What is identified?

Separate to the issues of naming is the issue of what is the unit of identification in the system. Currently, in 1995, URIs (Uniform Resource Idenifiers) are well deployed and understood and all thoise used are URLs (Locators) in that there has not yet been any gobal naming system deployed which is more satifactory than http server naming. The confusion addresses here has to do with the relationship between a URI and

Search/query information currently after the "?" in a URL
Parameter information for "applets" (executable embedded objects)
Fragment identifier, following the hash.

Summary of existing 1995 situation

The current model is as follows. Let us take as reference a URI of the form


	http://s/p?q#f

where s is the server domain name, p is an opaque string passed to the server, q is a string representing parameters to a query of http://s/p, and f is a fragment identifier.

Let us use the smalltalk object notation in which [ob meth:param] indicates the result of applying the method "meth" with parameter "param" to object "ob".

The HTTP protocol treats p?q opaquely. It provides a retrieval method GET which returns a whole object


	ob = [HTTP  method:GET  uri:"//s/p?q" ]

or more concisely, assuming HTTP to be simply part of the infrastructure of invokation,


	ob = [s  GET:"p/q"]

This then returns an object in some mutually understood syntax, which is then available on the client side. The client then activates the object in some way passing the object the string f:


	[ob  view:"f"]

The result of this is the rendition of the object in a given view.

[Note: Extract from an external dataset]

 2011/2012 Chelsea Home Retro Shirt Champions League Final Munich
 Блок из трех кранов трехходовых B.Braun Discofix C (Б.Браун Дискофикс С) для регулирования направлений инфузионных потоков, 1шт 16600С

Crucial assumptions of this model are:

The server is only passed p/q, it does not know s
The server is only passed p?q and not f
The client does not interpret p, q, or f. However, the client does know how to build q.
The object once instanciated on the client does not need to know s, p, or q: it only needs to know f

It hardly needs to be stated that it is a very good principle of system design to hide information from parts of the system which do not need it. Whenever a parameter such as p, q or f is declared to be "opaque" to some part of the system, then great flexibility results, and also, typically, easier system development and enhancement, and fewer bugs. The number of fascinating systems which have been built by using interestingly structured encodings for p demonstrates the poverty if for example p had been declared to be a filename.

Server name

The first assumption above was unfortunate, I believe, as it prevents one machine from emulating any servers. The assumption that servers would always know s, or that they would never need to know s, were both false. The attempt to fix this using an "original-uri" header which contains s as well as p and q is a hard sell, as no old browsers will work with servers which require it.

Fragment Identifier

The second assumption above is that the unit of retrieval is the object and so the server does not need to know the fragment identifier. This corresponds to the use in HTML: the whole document is retrieved, then a particular piece of it, identified by f, is highlighted or scrolled to the top of the screen.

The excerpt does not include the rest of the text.